Hello all. It's been awhile since I have posted here because I haven't had a tank in several years. My girlfriend got me a tank for Valentine's Day since she knows I have been wanting another one. It is a 6 gallon Fluval Edge tank. I like the tank and with space limitations it works for now. The only problem is I am a cichlid addict and of course want to put some cichlids in it. I have been looking at Multies as a possible tank since they stay small.

I'm just curious what you guys think about if they would work in this tank, and if so how many and what ration should I try to get. I know they will probably breed and that is fine. I will just let them grow up in the tank with the parents then sell them off when they get big enough. Any advice would be wonderful as I have never kept shell dwellers before, but think it would be awesome to give it a try.


----------



## triscuit (May 6, 2005)

I'd go for 1 male, 2 females for multies, and throw about 20-30 shells in there, piled up. :thumb: Your other option would be a pair of L. brevis...


----------



## bccromer (Apr 13, 2004)

I may do the multies and get another tank right beside it and do some brevis. Other than shells for them to live in, is there anything else I need to know to make them thrive? I will get sand substrate, get my ph correct and all that. I just mean in general about these 2 species.

Also is it ok to just let the fry grow up in the tank with the parents for both of these species? Granted they are fairly small tanks so I will be limited on how many fish I can have in there, but other than that are there any reasons why the fry can't stay in the tank?


----------



## rck1984 (Feb 13, 2012)

bccromer said:


> I may do the multies and get another tank right beside it and do some brevis. Other than shells for them to live in, is there anything else I need to know to make them thrive? I will get sand substrate, get my ph correct and all that. I just mean in general about these 2 species.
> 
> Also is it ok to just let the fry grow up in the tank with the parents for both of these species? Granted they are fairly small tanks so I will be limited on how many fish I can have in there, but other than that are there any reasons why the fry can't stay in the tank?


For the Multifasciatus; Lots of shells on a thin layer of sand. Multifasciatus doesn't like sand, as much as possible shells because multi's breed like rabbits as soon as they know how to. All the fry will claim a shell for their own sooner or later. Besides, shell beds is what they originally live on as well. A thing to keep in mind if you cover up the bottom with shells is to feed them very carefully as all the food they don't take sink to the bottom into the shells. It's impossible to get it out during water changes.

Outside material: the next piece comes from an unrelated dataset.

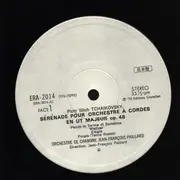 LP - Tchaikovsky / Dvořák - Deux Serenades Pour Orchestre A Cordes - +Obi, insert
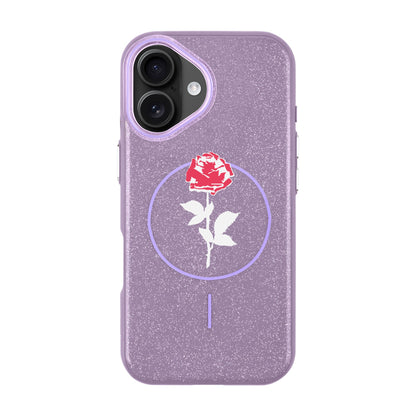 NATUREL ROSE-iPhone 16 Plus Radiant Kılıf MagSafe Özellikli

For the Lamprlogus Brevis; A few shells will do. If you go just for a pair, get about 3 for the male and 3 for the female. Make sure the shells are big enough because the a pair of Brevis actually shares one shell after all.

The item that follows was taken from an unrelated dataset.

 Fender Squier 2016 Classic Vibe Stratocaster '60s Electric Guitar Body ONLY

Fry of the Multifasciatus can stay in the tank. As far as I know and have seen, Multi's will remove their own fry as soon as they think the tank is too crowded. Atleast in my case, besides removing fry isn't gonna be easy as they just get into a shell as soon as they feel danger. You have to remove the whole shell then, obviously. As for the Brevis, I am not sure but I think you can keep the fry in the same tank but as soon as they start to grow and get bigger, they will start to claim territoria as well. That's the moment I would take them out as they might clash with the other fishes.

Multi's are fun to have, I can spend hours by observing them :thumb:


----------



## Tropheus311 (Dec 28, 2011)

I was thinking about doing the exact same thing with a recently purchased fluval edge 6 gallon. The idea was vetoed by the gf, but please post any pictures of the setup/tank/fish if you could. I was going to keep 6 Neolamprologus Multifasciatus in the 6 gallon....based on a species profile on the Greater Chicago Cichlid Association (GCCA) website, the author said he successfully kept and bred 6 in a 3 gallon eclipse tank. Made me think it would work in this fluval edge setup.


----------



## darkstar22 (Dec 13, 2010)

Yeah pics please! I really like the look of the Edge.


----------



## jordie94 (Jan 15, 2020)

Would love to find out how this project turned out or if it went ahead ?


----------